Posted: 10 Sep 2008     Print Version  Bookmark and Share

Keywords:market share  mobiles  low-end phones  handset makers 

Nokia's warning that it is losing market share to rivals who are undercutting it spooked the markets late last week.

However, Nokia's problem does not seem to be confined to uneconomic price cutting at the low-end. The

Finnish group has also hinted of a quality problem in a mid-tier device which hit Q3 volumes, which will bear down on margins.

The problem, or problems, are likely to be temporary, but it must still have been galling for Nokia to admit that its long period of gaining market share in mobiles, especially in large emerging markets, which seems to have been almost uninterrupted over the past few years, is stalling.

It tried to sweeten the pill by stressing the decline in market share is a consequence of it not willing to get into a price war for low-end phones. This is being waged not only by major competitors, such as Samsung and lately Motorola—as it tries to beef up volumes ahead of its planned demerger of the mobiles unit—but, importantly, from smaller Asian handset makers, including Chinese ones, who are aggressively trying to gain share.

Of course, as analysts have also been suggesting, Nokia itself has not been immune from an element of price cutting.

The bottom line here is competition has ramped up substantially, and this will not go away quickly.

The emerging vendors are vigorously trying to gain share in China, India and Africa and are compensating for their poor product quality and lack of differentiation by offering the phones at very low prices. They are likely to be hemorrhaging cash to do so, but probably see this as an entry strategy.

As Richard Windsor, analyst at Nomura Securities noted, Nokia is by far the lowest cost producer and if it can't make money at these prices, then probably no one can.

Of course, Nokia is not the only one to have indicated recently that it is feeling the pinch, and that consumer confidence is weakening. But since it took 40 per cent of the market in the second quarter, it is not surprising that its bearish comments had such a brutal and immediate impact on its share price, and questions being asked about the growth of the handsets sector never mind the sustainability of the prices being offered by new competitors.

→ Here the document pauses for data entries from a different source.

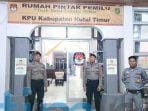 Ciptakan Keamanan Menjelang Pilkada 2024, Personil Polres Kutim Siaga di Kantor KPU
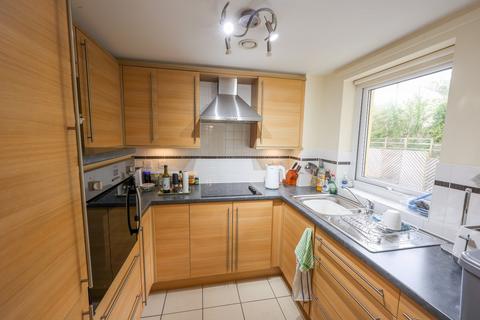 2 bedroom apartment for sale, Tregolls Road, Truro, TR1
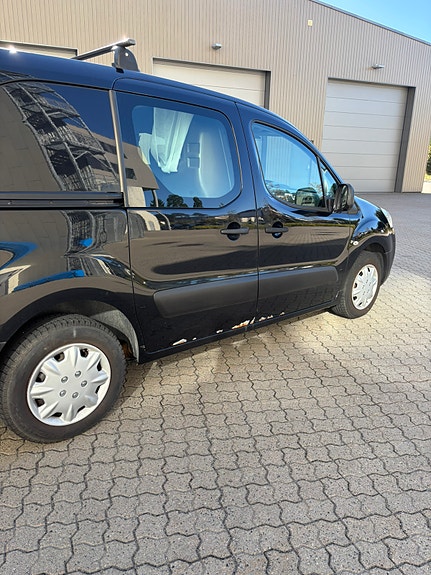 Peugeot Partner 3 of 14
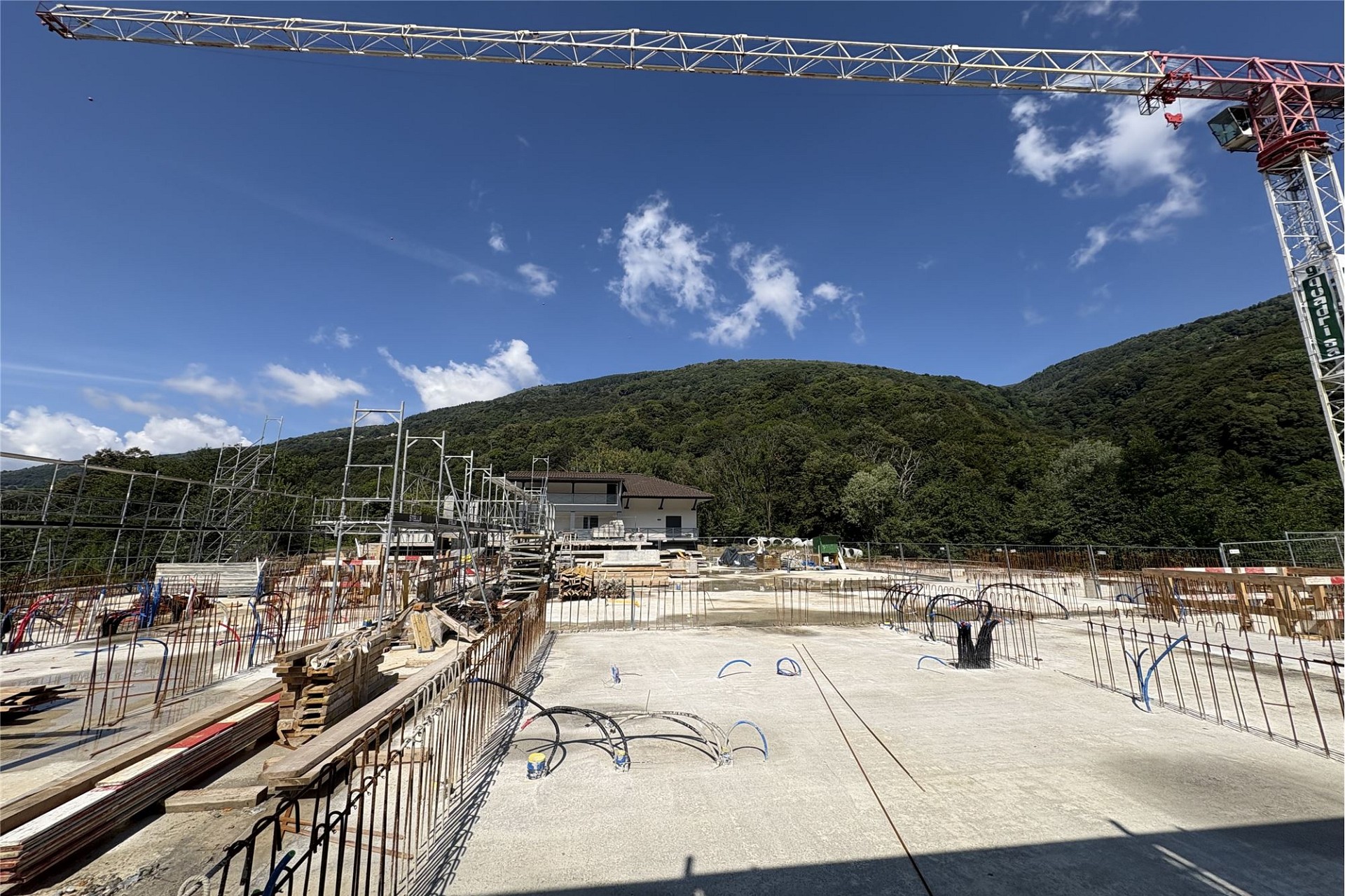 Baustelle mit Betonplatte und Kran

Sony Ericsson has issued two profit warnings so far this year, and Samsung, admitted it, too, is losing market share amidst signs of a slowdown.

Again, Nokia tried to smooth the nerves of investors and analysts, reiterating that it still sees volumes this year growing by about 10 per cent from the 114 crore (1.14 billion) units shipped mark it estimated late last year.

So, a tricky few quarters ahead for Nokia, and for the wireless sector all round.